Repeat the listing below word for word, minus the pictures.

- **GIVEN DATA**:
◇ ◇ ◇ ◇ ◇
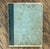 Gray Antique Botany Herbarium: 1900s Lab Notes & Drawings - Columbia City High School For Sale - Image 8 of 10
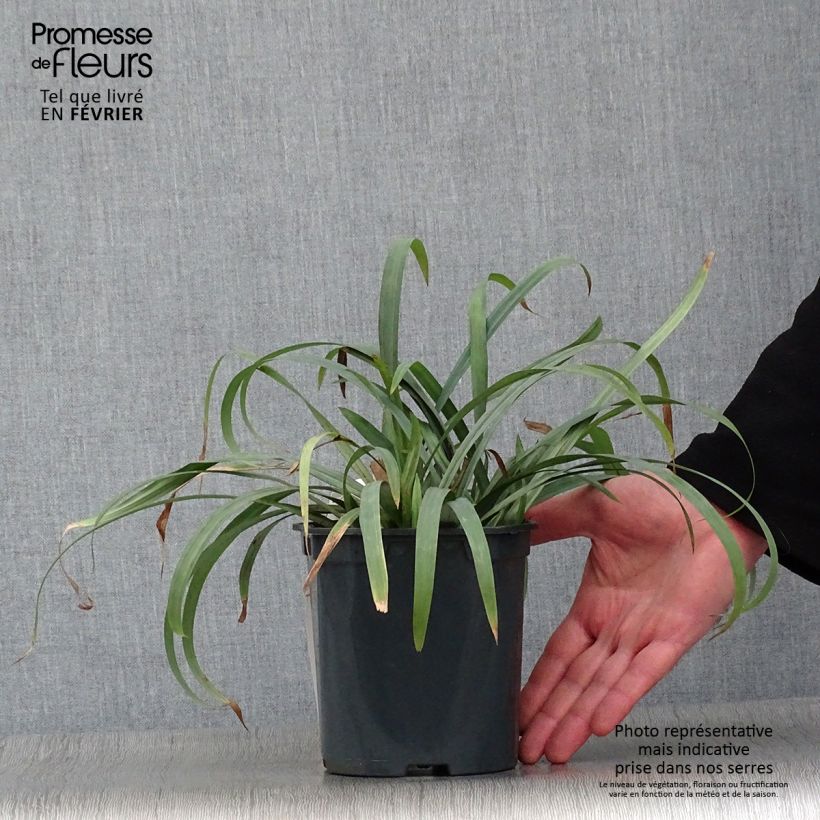 Exemplar von Carex laxiculmis Bunny Blue Topf mit 2L/3L wie im Winter geliefert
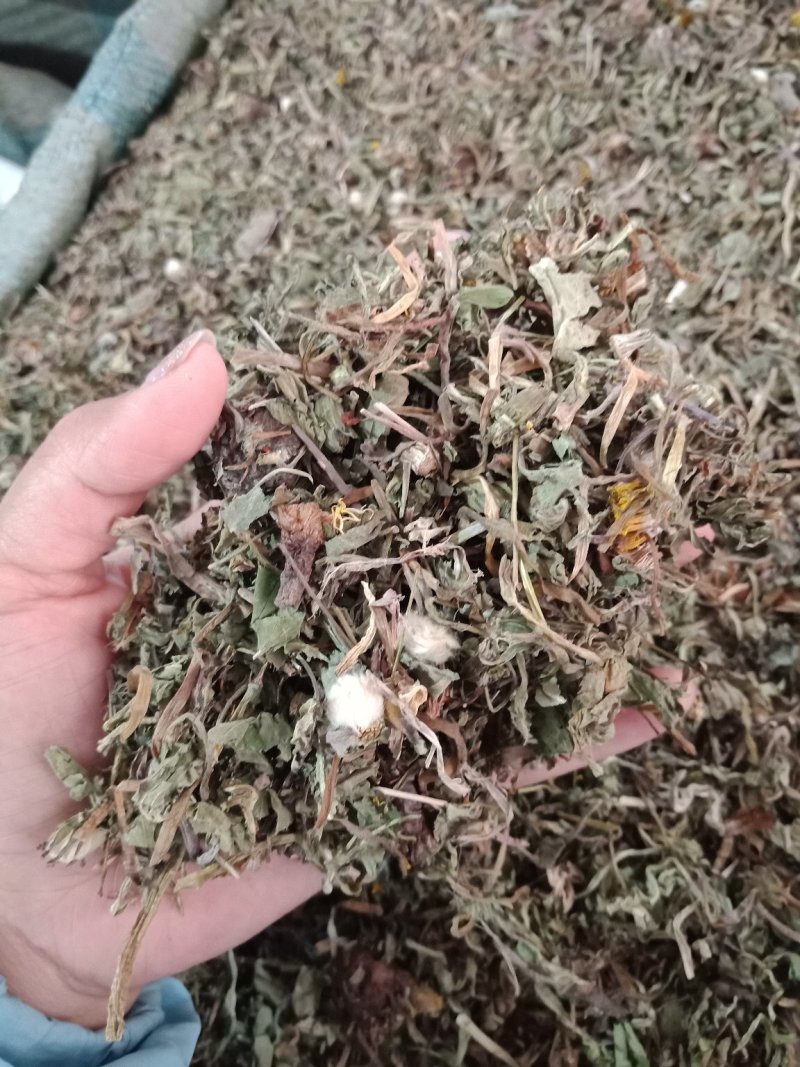 药用蒲公英家种公英蒲公英各种中药材批发质量保证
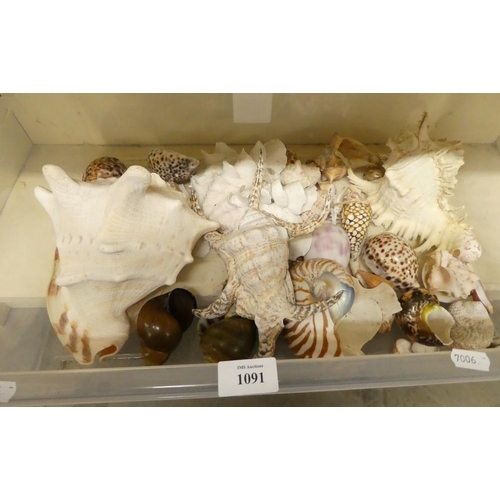 1091 - Large Box - Assorted Seashells.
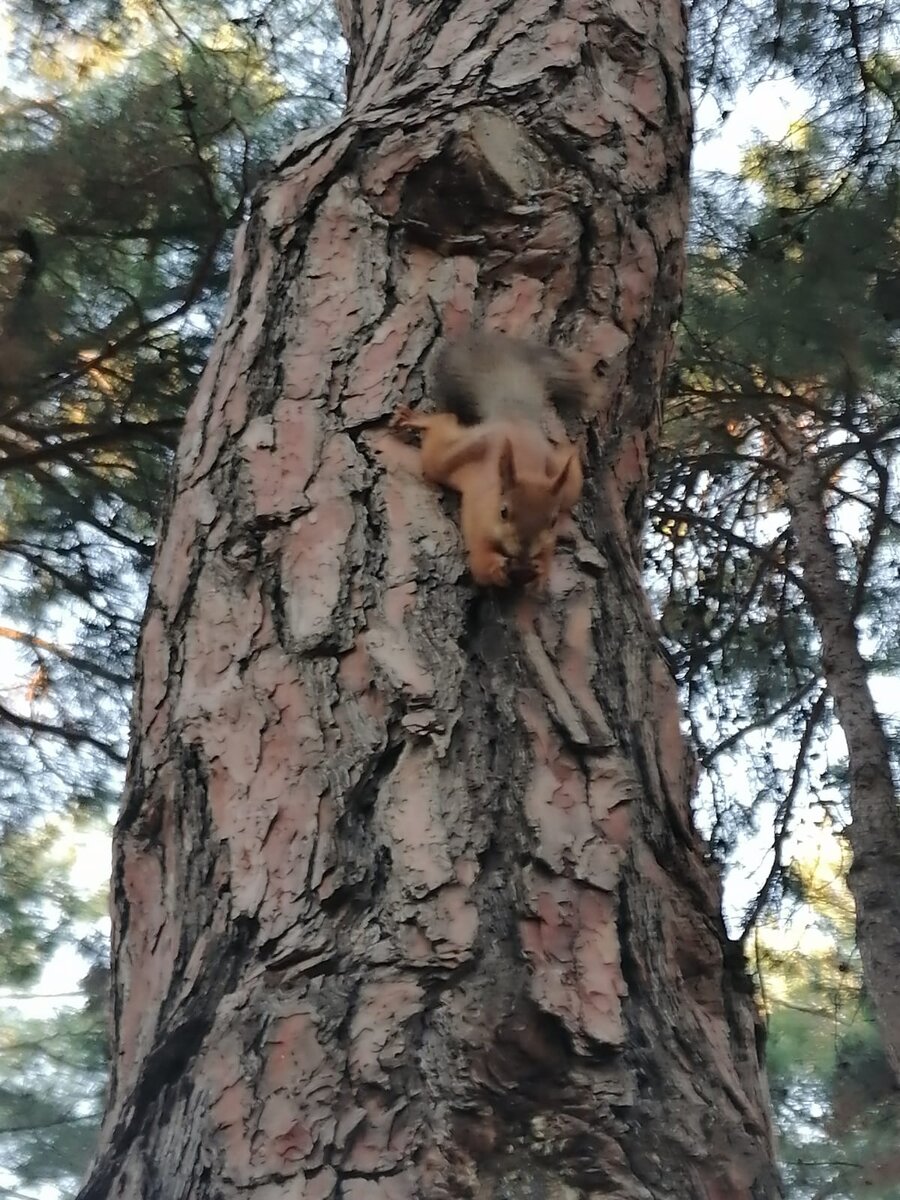Белка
◇ ◇ ◇ ◇ ◇
- **SOLVED PROBLEM**:
 Gray Antique Botany Herbarium: 1900s Lab Notes & Drawings - Columbia City High School For Sale - Image 8 of 10
 Exemplar von Carex laxiculmis Bunny Blue Topf mit 2L/3L wie im Winter geliefert
 药用蒲公英家种公英蒲公英各种中药材批发质量保证
 1091 - Large Box - Assorted Seashells.
Белка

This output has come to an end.